BlockBeats News, April 29th - April 2026 has become the worst month for the crypto industry in terms of losses since Bybit was hacked for $1.4 billion in February 2025. According to DeFiLlama data, as of April 18th, within just 18 days, 12 security incidents resulted in a total loss of over $606 million, equivalent to 3.7 times the total losses in the first quarter.
On April 1st, the Solana ecosystem's perpetual contract protocol, Drift Protocol, suffered a $285 million attack. Starting from the fall of 2025, the attacker penetrated the team through social engineering, built trust with security council members over the course of months, induced them to pre-sign multiple seemingly harmless transactions, and ultimately completed two transactions, with a one-second interval, to transfer permissions and drain liquidity.
On April 18th, the LayerZero cross-chain bridge of KelpDAO, an Ethereum liquidity rehypothecation protocol, was breached, and 116,500 rsETH tokens (approximately $292 million) were stolen. The attacker, belonging to the North Korean Lazarus Group's TraderTraitor subunit, then deposited the stolen funds into lending platforms such as Aave, borrowing around $190 million in real assets. This led to Aave facing over $123 million in defaults, causing the DeFi ecosystem's total value locked (TVL) to evaporate by over $13 billion within 48 hours.
Furthermore, in late April, several small protocols experienced security incidents one after another. Although the amount of funds lost was not large, the industry's confidence in DeFi security has been significantly shaken.

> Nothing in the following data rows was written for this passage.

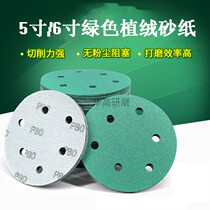  Green can replace grinding card dust-free dry matte paper 5 inch 6 hole 7 hole 6 inch 17 hole flocking sandpaper green sand
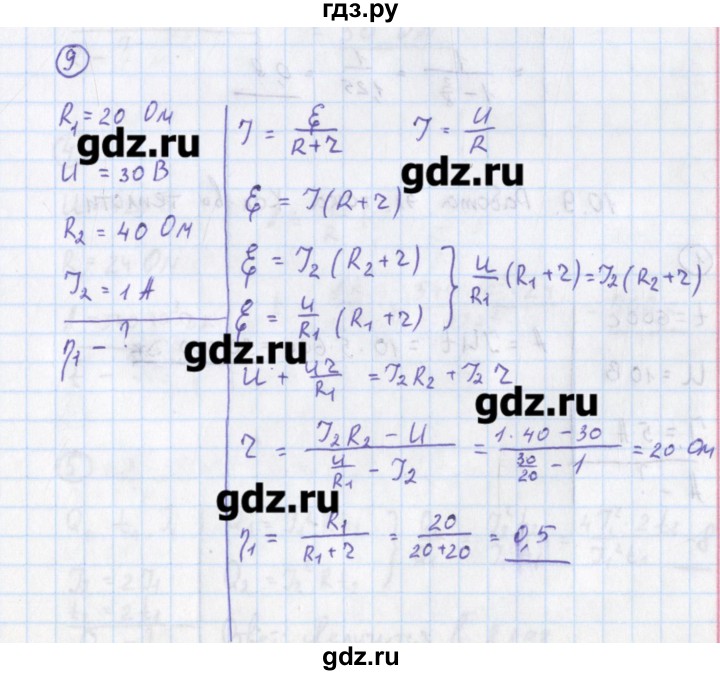 ГДЗ по физике 10‐11 класс Громцева сборник задач  глава 10 / параграф 8 - 9, Решебник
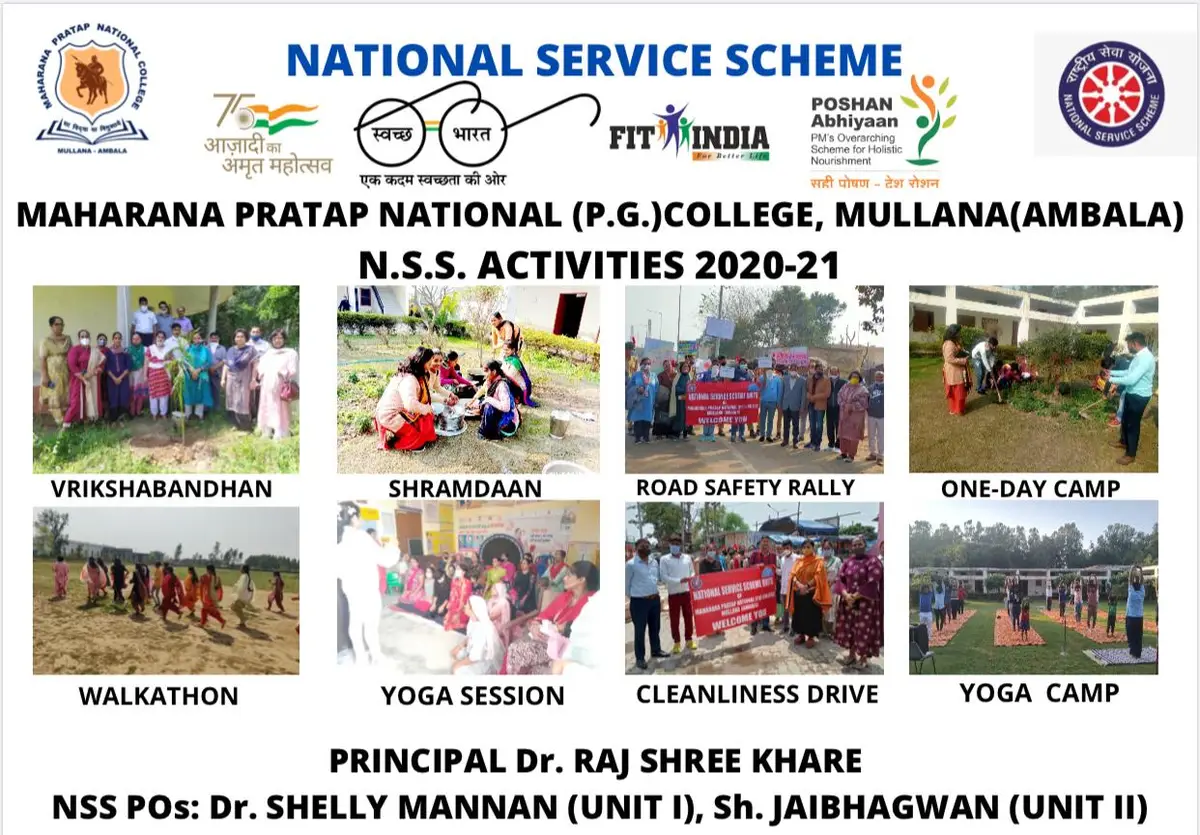 Maharana Pratap National College: campus photo 6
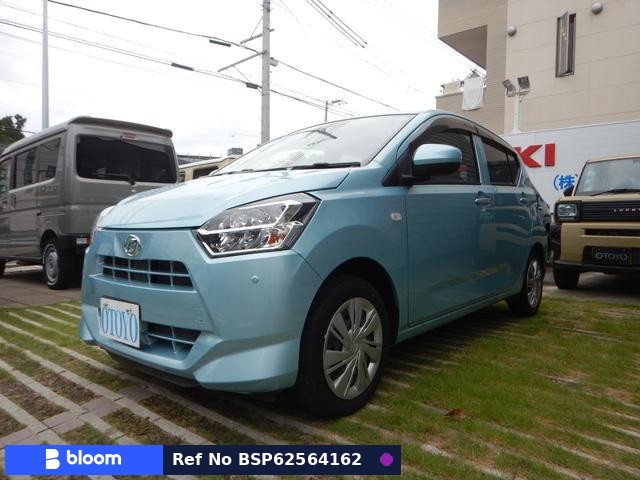 2022 Daihatsu Mira ES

On one hand, North Korean hackers have shifted from "technical challenges" to "human penetration." The attack chain began with a fake Zoom meeting link, and AI's practical application in social engineering has now been implemented.
On the other hand, top AI models represented by the Anthropic's new Mythos model have become a new variable in shifting the balance of power between offense and defense. This model's general code reasoning capability has greatly improved, enabling it to autonomously discover thousands of zero-day vulnerabilities, including a 27-year-old crash bug in OpenBSD, and to link multiple low-level vulnerabilities into a complete attack chain.
A more immediate threat is that a large part of the code in the current DeFi ecosystem was deployed before the emergence of modern code reasoning models. Attackers can now leverage AI tools to systematically and inexpensively scan historical legacy configuration defects, while the defense side's AI auditing tools have not yet been fully integrated. This "attackers first with AI, defenders playing catch-up" time gap constitutes the most dangerous window of opportunity at present.